Die Resolution im Wortlaut:
R e s o l u t i o n
79. Regierungssitzung am 30. Jänner 2013
Nachhaltige Sicherung der heimischen Wasserreserven
Geht es nach jüngsten Plänen der Europäischen Union, so könnten die
österreichischen Wasserreserven bald zum Spielball von Großkonzernen
und Spekulanten werden. Konkret geht es um die sogenannte
EU-Konzessionsrichtlinie. Diese Richtlinie, die im Frühjahr dieses
Jahres beschlossen werden soll, wird die Privatisierung von
unterschiedlichen Bereichen regeln - unter anderem auch bei der
Wasserversorgung.

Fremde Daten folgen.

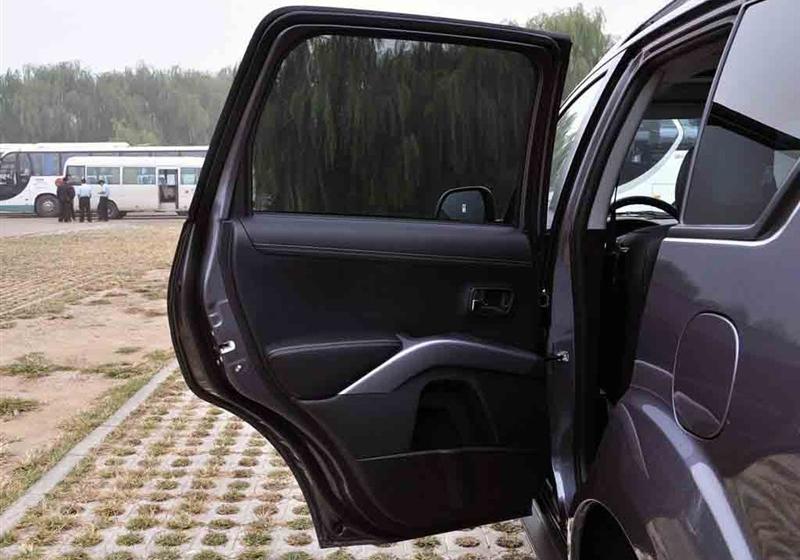 三菱(进口) OUTLANDER EX 2010款 劲界 2.4 时尚版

Sollte die Richtlinie beschlossen werden, bringt
das eine große Gefahr für das heimische Wasser mit sich.
Gemeinden, die knapp bei Kasse sind, könnten sich zur Privatisierung
gezwungen sehen oder auch von höherer Stelle dazu gedrängt werden.
Durchsetzen würden sich Großkonzerne. Die Folge: die Länder würden
ihre Souveränität über das wertvolle Gut Wasser verlieren und die
Verbraucher durch höhere Preise zur Kasse gebeten werden. Die
Beispiele Griechenland und Portugal zeigen, dass diese Gefahr sehr
real ist. Griechenland und Portugal bekommen Hilfsgelder und müssen
ihre Reformen mit ihren Geldgebern absprechen. Eine Empfehlung der
"Troika" aus EU-Kommission, Internationalem Währungsfonds und
Europäischer Zentralbank: die Privatisierung der Wasserversorgung.
Um zu verhindern, dass es zu einem Ausverkauf des heimischen Wassers
kommt, müssen nachhaltig Mittel ergriffen werden, um den Schutz des
Wassers zu sichern. Schließlich ist das Wasser die wichtigste
Lebensgrundlage für Mensch und Natur und daher besonders
schützenswert.
Die Kärntner Landesregierung beschließt daher folgende
R E S O L U T I O N
an die Österreichische Bundesregierung:
Das Kollegium der Kärntner Landesregierung fordert die
Österreichische Bundesregierung und hier insbesondere den
Bundesminister für Land- und Forstwirtschaft, Umwelt und
Wasserwirtschaft, DI Nikolaus Berlakovich, dringend auf
- dafür Sorge zu tragen, dass der Angriff der Europäischen Union auf
die heimischen Wasserreserven abgewendet wird und sich auf
europäischer Ebene für eine Abänderung der umstrittene
EU-Konzessionsrichtlinie einzusetzen, so dass der Bereich "Wasser"
von Privatisierungsbegehren jeglicher Art ausgenommen wird;
- Rahmenbedingungen zu schaffen, um die österreichischen
Wasserreserven nachhaltig durch die öffentliche Hand zu sichern;
- auf Bundesebene gesetzlich zu verankern, dass zukünftig spekulative
Geschäfte mit dem kostbaren Gut "Wasser" verhindert werden;
- sich dafür einzusetzen, dass der Schutz des Wassers als
Staatszielbestimmung in die Bundesverfassung aufgenommen wird.